4. the circuit breaker optimizing allocation of space as claimed in claim 3, is characterized in that,

Also connect the first short circuit instantaneous protection device in described first overcurrent protection pole, the space being arranged in above the first arc quenching system, limiting below the right side of the first leading-out terminal and the second upper surface;

Also connect the second short circuit instantaneous protection device in described second overcurrent protection pole, the space being arranged in above the second arc quenching system, limiting below the left side of the second end of incoming cables and the second upper surface.

5. the circuit breaker optimizing allocation of space as claimed in claim 4, is characterized in that,

Described test resistance is disposed in the centre of the first operating mechanism and the first short circuit instantaneous protection device, near the 3rd side.

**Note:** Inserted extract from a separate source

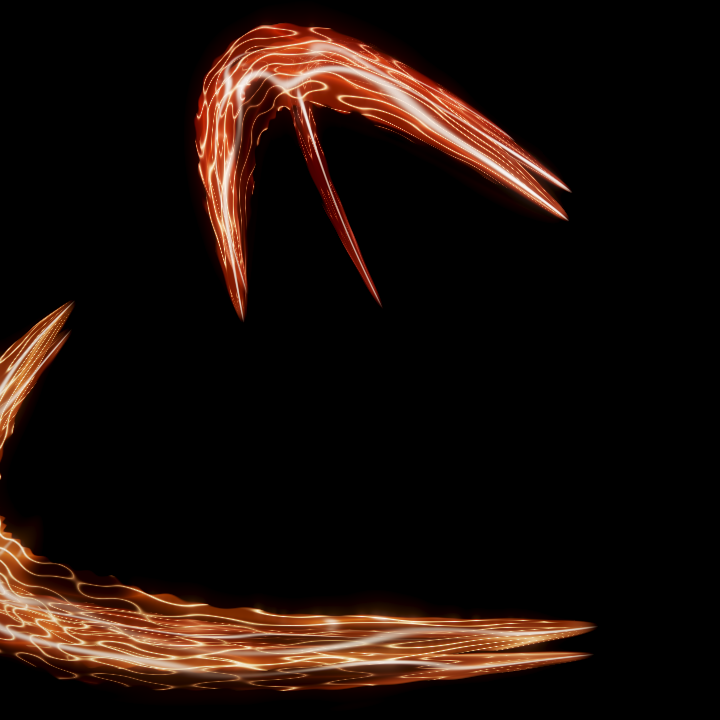 Solar flare visual recorded in a square browser canvas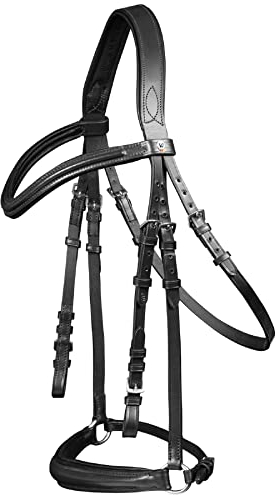 WALDHAUSEN Waldhausen X-Line Standard Trensenzaum Hannover, XWB, schwarz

6. the circuit breaker optimizing allocation of space as claimed in claim 3, is characterized in that,

Described first overcurrent protection pole also comprises the first tripping mechanism, and the contact of the first tripping mechanism is disposed in above the first arc quenching system, the space that limits below the left side of the first end of incoming cables and the 3rd upper surface;

Described second overcurrent protection pole also comprises the second tripping mechanism, and the contact of the second tripping mechanism is disposed in above the second arc quenching system, the space that limits below the right side of the second leading-out terminal and the 3rd upper surface.

7. the circuit breaker optimizing allocation of space as claimed in claim 1, is characterized in that,

Described first overcurrent protection pole is also in series with the first overload long delay protection device;

Described second overcurrent protection pole is also in series with the second overload long delay protection device.

8. the circuit breaker optimizing allocation of space as claimed in claim 1, is characterized in that,

Second upper surface, the first side and the first formation first area, lower surface, the 3rd upper surface, the second side and the first lower surface second area;

Instrument transformer is disposed in above the first lower surface, the right side of first area;

Magnetictrip is disposed in above the first lower surface, the right side of instrument transformer;

Under test button is disposed in the first upper surface, near the position of the 4th side.

9. the circuit breaker optimizing allocation of space as claimed in claim 8, is characterized in that,

Described earth leakage protective device also comprises electric leakage indicating mechanism and electrical leakage tripping device;

Under electric leakage indicating mechanism is disposed in the first upper surface, near the position of the 3rd side;

Electrical leakage tripping device is disposed in below the first upper surface, above the first lower surface, the left side of second area, the right side of electric leakage indicating mechanism and magnetictrip.